EXERCISE DIRECTIONS: The expected output is exactly the lines below, starting at the line with "Mala de Mão Senhora Bergamo Vermelho" and ending at the line with "For Doogee Note", both included; no other line belongs in it.
+++ PROVIDED DATA
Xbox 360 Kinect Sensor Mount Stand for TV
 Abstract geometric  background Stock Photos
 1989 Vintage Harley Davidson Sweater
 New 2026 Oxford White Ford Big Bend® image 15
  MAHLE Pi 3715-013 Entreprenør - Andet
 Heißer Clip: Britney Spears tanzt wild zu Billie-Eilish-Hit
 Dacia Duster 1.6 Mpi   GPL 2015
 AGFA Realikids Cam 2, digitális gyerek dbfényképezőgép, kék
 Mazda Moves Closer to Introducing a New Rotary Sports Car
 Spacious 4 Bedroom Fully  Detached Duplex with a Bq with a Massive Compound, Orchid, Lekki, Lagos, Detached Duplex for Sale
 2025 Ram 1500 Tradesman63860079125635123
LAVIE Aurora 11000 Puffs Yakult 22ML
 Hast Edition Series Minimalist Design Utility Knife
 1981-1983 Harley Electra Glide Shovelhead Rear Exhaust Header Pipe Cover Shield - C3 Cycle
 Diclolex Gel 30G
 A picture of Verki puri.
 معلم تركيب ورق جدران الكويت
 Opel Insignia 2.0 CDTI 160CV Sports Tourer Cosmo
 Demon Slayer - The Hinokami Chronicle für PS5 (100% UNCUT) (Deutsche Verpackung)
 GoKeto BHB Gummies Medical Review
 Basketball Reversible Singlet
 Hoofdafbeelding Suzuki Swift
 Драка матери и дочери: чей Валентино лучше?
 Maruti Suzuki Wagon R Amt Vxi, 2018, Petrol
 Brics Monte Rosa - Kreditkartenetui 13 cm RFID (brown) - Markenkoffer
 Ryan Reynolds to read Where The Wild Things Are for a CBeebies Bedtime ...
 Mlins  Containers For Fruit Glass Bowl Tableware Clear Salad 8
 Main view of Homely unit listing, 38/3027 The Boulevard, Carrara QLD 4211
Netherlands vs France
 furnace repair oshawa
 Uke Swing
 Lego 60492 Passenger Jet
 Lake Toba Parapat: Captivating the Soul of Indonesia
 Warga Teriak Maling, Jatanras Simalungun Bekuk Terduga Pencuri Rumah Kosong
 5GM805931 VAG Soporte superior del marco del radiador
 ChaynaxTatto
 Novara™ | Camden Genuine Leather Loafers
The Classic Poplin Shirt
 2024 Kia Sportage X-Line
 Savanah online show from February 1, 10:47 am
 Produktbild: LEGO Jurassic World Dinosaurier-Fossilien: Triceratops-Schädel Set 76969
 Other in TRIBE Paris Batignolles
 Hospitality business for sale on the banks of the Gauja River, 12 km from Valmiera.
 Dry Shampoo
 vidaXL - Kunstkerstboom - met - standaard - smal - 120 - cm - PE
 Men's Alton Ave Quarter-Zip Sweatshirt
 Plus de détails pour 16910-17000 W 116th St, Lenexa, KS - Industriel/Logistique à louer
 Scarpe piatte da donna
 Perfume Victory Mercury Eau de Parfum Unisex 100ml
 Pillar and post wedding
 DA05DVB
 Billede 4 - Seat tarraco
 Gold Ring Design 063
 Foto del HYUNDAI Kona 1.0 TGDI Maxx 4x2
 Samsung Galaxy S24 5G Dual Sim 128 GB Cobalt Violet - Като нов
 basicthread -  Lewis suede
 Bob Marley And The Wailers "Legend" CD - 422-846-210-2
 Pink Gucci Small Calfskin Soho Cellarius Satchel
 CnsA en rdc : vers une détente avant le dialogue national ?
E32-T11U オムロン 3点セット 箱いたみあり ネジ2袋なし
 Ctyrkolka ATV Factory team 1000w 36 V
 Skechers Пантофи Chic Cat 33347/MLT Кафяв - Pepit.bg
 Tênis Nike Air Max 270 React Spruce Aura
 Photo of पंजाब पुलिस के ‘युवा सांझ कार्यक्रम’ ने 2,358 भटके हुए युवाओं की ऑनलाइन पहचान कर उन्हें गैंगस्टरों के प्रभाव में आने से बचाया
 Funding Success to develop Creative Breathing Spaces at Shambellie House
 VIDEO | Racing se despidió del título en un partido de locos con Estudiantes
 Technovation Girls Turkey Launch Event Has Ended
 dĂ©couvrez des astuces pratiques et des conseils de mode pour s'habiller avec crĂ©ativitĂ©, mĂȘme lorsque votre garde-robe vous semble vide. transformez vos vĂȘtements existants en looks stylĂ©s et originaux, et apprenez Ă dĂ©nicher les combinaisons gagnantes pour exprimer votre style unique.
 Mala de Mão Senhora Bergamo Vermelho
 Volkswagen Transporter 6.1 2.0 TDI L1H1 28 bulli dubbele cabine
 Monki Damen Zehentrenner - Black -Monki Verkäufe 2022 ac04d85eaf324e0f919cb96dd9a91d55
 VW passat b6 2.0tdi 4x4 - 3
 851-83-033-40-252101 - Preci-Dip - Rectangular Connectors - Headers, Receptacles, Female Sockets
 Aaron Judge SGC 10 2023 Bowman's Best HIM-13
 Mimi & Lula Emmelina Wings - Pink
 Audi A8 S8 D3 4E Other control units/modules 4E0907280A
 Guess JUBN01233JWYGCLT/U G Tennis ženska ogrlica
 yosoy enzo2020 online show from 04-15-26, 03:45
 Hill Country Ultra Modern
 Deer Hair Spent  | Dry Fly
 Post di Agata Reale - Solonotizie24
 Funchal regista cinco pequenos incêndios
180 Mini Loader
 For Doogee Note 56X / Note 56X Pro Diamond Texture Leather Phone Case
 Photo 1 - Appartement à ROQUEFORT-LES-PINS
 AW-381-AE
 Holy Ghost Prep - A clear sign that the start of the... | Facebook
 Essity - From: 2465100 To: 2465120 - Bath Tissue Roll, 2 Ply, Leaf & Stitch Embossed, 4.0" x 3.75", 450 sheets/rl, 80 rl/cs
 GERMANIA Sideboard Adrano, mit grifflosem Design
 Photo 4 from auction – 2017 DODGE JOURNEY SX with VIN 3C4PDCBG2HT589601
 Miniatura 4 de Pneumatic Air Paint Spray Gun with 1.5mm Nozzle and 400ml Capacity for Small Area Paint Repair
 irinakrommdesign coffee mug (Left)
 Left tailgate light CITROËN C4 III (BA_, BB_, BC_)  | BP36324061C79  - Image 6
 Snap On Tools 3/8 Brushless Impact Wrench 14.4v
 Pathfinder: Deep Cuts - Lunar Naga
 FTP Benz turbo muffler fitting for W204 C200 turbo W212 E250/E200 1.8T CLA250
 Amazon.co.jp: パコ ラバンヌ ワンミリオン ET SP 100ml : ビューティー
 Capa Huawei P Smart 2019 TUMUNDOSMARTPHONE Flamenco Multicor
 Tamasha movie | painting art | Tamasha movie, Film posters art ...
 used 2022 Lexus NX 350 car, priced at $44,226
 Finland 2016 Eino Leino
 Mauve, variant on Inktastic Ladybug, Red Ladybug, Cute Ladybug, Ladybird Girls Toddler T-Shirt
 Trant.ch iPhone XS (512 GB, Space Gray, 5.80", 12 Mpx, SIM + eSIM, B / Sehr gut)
++++++
OUTPUT OF THE TASK:
 Mala de Mão Senhora Bergamo Vermelho
 Volkswagen Transporter 6.1 2.0 TDI L1H1 28 bulli dubbele cabine
 Monki Damen Zehentrenner - Black -Monki Verkäufe 2022 ac04d85eaf324e0f919cb96dd9a91d55
 VW passat b6 2.0tdi 4x4 - 3
 851-83-033-40-252101 - Preci-Dip - Rectangular Connectors - Headers, Receptacles, Female Sockets
 Aaron Judge SGC 10 2023 Bowman's Best HIM-13
 Mimi & Lula Emmelina Wings - Pink
 Audi A8 S8 D3 4E Other control units/modules 4E0907280A
 Guess JUBN01233JWYGCLT/U G Tennis ženska ogrlica
 yosoy enzo2020 online show from 04-15-26, 03:45
 Hill Country Ultra Modern
 Deer Hair Spent  | Dry Fly
 Post di Agata Reale - Solonotizie24
 Funchal regista cinco pequenos incêndios
180 Mini Loader
 For Doogee Note 56X / Note 56X Pro Diamond Texture Leather Phone Case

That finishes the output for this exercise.